From The Nation: By Lakshmi Chaudhry
"'I love [Hillary Clinton] so completely that, honestly, she would have to burn down the White House before I would say anything bad about her!' exclaimed Nora Ephron in a 1993 Newsday interview. Three years later, she told the Wellesley class of 1996, 'Understand: Every attack on Hillary Clinton for not knowing her place is an attack on you.' Come late 2006, however, Ephron was the one on the attack as one of the self-described 'Hillary resisters'--those who believe that 'she will do anything to win, who believe she doesn't really take a position unless it's completely safe,' as she wrote on her Huffington Post blog, 'who believe she has taken the concept of triangulation and pushed it to a geometric level never achieved by anyone including her own husband, who can't stand her position on the war, who don't trust her as far as you can spit.'

This rather dramatic change of heart encapsulates one of the great ironies of Hillary Clinton's bid for the presidency. Many of the very same feminists who were her most ardent supporters as First Lady are now fiercely opposed to her historic bid to become the first female President of the United States. The woman once described by Susan Faludi as a symbol of 'the joy of female independence' now evokes ambivalence, disdain and, sometimes, outright vitriol. ...

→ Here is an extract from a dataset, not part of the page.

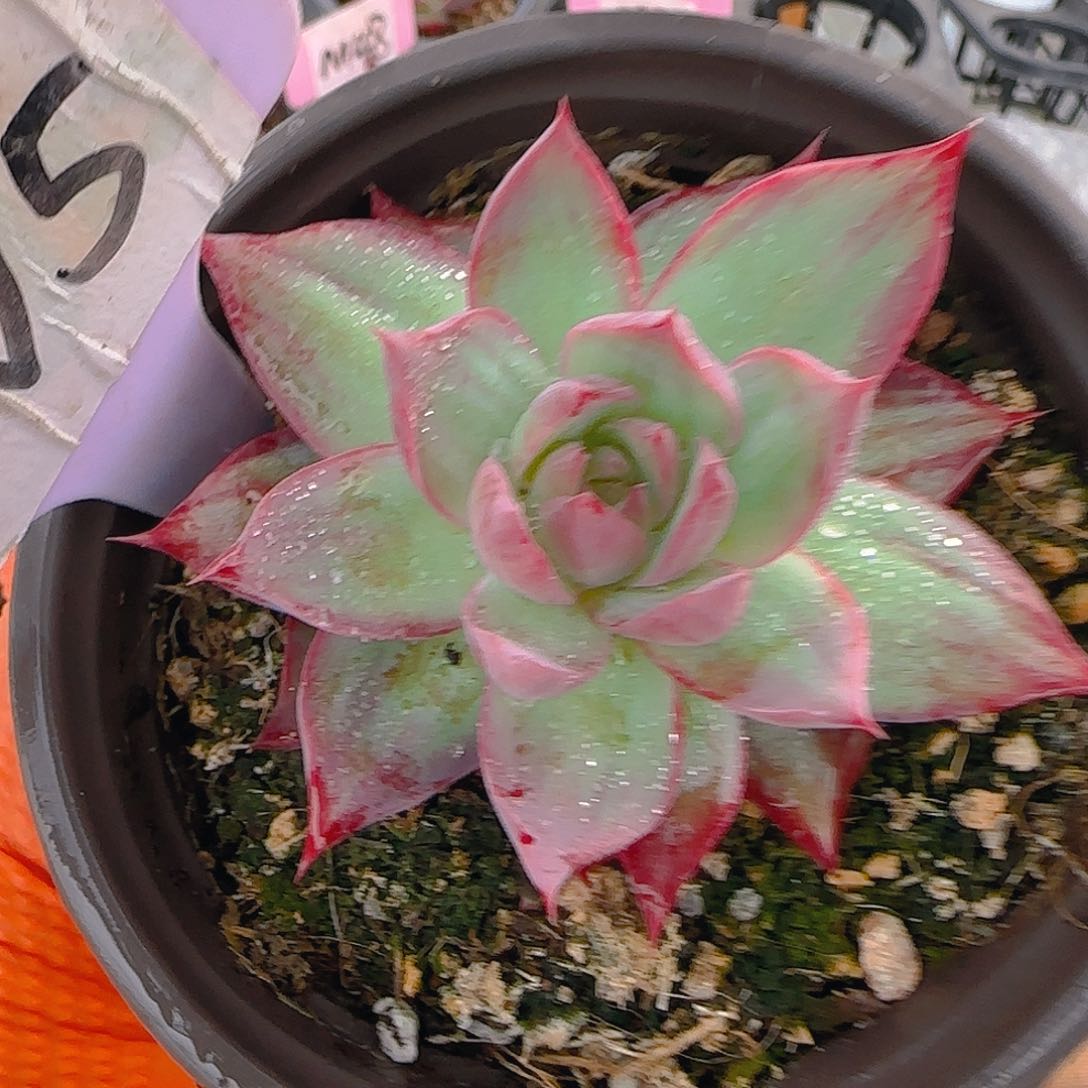 一****生V5 惊鸿仙子多肉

So what's up with the Hillary-bashing? "Women don't trust Hillary. They see her as an opportunist; many feel betrayed by her," wrote Susan Douglas in a May In These Times article titled "Why Women Hate Hillary." A month later, in her Newsweek column, Anna Quindlen declared, "The truth is that Senator Clinton has a woman problem."...

Let's be clear: Hillary has a "feminist problem," and more so with those who lean left. ...

Could it possibly be that some of us (i.e., progressive Americans, of whatever gender) don't like what we've seen since our initial, pre-1993 enthusiasm for Hillary? Or have been disappointed by her failure to provide inspiring or effective leadership on the issues of greatest importance to us during her time in the Senate (that is, when she hasn't been pointing in the wrong direction entirely)?

All very sad. Nothing very much to do with her gender.